Le Comité international olympique (CIO) envisage de réformer sa procédure de désignation des villes hôtes, à l’approche de l’attribution des Jeux olympiques d’été de 2036. L’objectif affiché : structurer davantage le calendrier, renforcer la transparence et accroître l’implication des membres du CIO, sans revenir à l’ancien modèle de candidatures coûteuses abandonné en 2019.

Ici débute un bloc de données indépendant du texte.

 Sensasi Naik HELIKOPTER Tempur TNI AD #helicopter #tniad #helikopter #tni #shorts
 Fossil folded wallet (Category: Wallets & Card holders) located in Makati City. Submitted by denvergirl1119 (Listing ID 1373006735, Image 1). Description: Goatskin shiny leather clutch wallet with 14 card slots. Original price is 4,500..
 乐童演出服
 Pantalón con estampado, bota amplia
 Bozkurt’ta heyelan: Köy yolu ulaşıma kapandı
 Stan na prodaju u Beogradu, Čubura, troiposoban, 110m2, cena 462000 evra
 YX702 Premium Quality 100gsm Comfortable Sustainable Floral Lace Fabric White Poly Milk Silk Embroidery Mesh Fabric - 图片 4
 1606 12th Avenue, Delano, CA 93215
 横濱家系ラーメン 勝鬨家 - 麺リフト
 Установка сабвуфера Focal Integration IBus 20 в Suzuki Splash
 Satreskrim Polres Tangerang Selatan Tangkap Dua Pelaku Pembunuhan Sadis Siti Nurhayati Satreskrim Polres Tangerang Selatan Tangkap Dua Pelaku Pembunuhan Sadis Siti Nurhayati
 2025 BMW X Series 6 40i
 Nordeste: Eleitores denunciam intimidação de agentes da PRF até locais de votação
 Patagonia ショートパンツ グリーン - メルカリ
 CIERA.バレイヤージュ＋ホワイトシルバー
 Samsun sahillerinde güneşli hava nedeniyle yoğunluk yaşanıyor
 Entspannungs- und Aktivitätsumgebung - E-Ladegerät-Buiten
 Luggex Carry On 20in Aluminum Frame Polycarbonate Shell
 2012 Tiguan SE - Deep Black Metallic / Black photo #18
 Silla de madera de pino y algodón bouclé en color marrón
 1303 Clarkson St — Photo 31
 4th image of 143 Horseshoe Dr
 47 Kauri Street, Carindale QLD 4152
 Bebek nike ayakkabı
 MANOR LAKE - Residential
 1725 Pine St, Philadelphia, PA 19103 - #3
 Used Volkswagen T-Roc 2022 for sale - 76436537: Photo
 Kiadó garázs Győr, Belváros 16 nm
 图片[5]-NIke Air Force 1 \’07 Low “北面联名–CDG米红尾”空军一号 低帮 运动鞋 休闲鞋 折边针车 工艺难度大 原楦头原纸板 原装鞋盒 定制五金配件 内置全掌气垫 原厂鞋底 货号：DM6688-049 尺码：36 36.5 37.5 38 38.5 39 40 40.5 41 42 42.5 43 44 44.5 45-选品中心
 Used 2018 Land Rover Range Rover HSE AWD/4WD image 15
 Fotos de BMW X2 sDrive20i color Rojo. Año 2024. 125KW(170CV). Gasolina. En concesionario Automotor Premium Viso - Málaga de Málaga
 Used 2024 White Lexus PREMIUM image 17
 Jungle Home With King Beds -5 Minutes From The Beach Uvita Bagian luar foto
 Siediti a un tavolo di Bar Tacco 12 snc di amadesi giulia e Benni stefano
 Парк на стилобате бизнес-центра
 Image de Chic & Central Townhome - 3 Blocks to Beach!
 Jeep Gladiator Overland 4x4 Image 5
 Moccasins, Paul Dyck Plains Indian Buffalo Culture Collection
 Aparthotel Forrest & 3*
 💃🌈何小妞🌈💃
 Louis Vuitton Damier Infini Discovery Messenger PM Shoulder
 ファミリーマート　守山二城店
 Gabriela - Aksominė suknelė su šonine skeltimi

Lors de la 145e session du CIO à Milan, Kolinda Grabar-Kitarovic, membre de l’instance et responsable du groupe de travail sur la désignation des hôtes, a estimé que « la procédure actuelle nécessite des ajustements ». Elle a plaidé pour « des calendriers structurés, une transparence accrue et une participation plus significative des membres du CIO ».
Depuis 2019, un modèle sans concurrence ouverte
Depuis 2019, le CIO a profondément modifié sa méthode de sélection. Fini les campagnes longues et onéreuses et les votes très médiatisés sept ans avant l’échéance. Le processus repose désormais sur des négociations confidentielles jusqu’à la désignation d’un « hôte préférentiel » par la commission exécutive, ensuite validé par les membres réunis en session, sans mise en concurrence publique.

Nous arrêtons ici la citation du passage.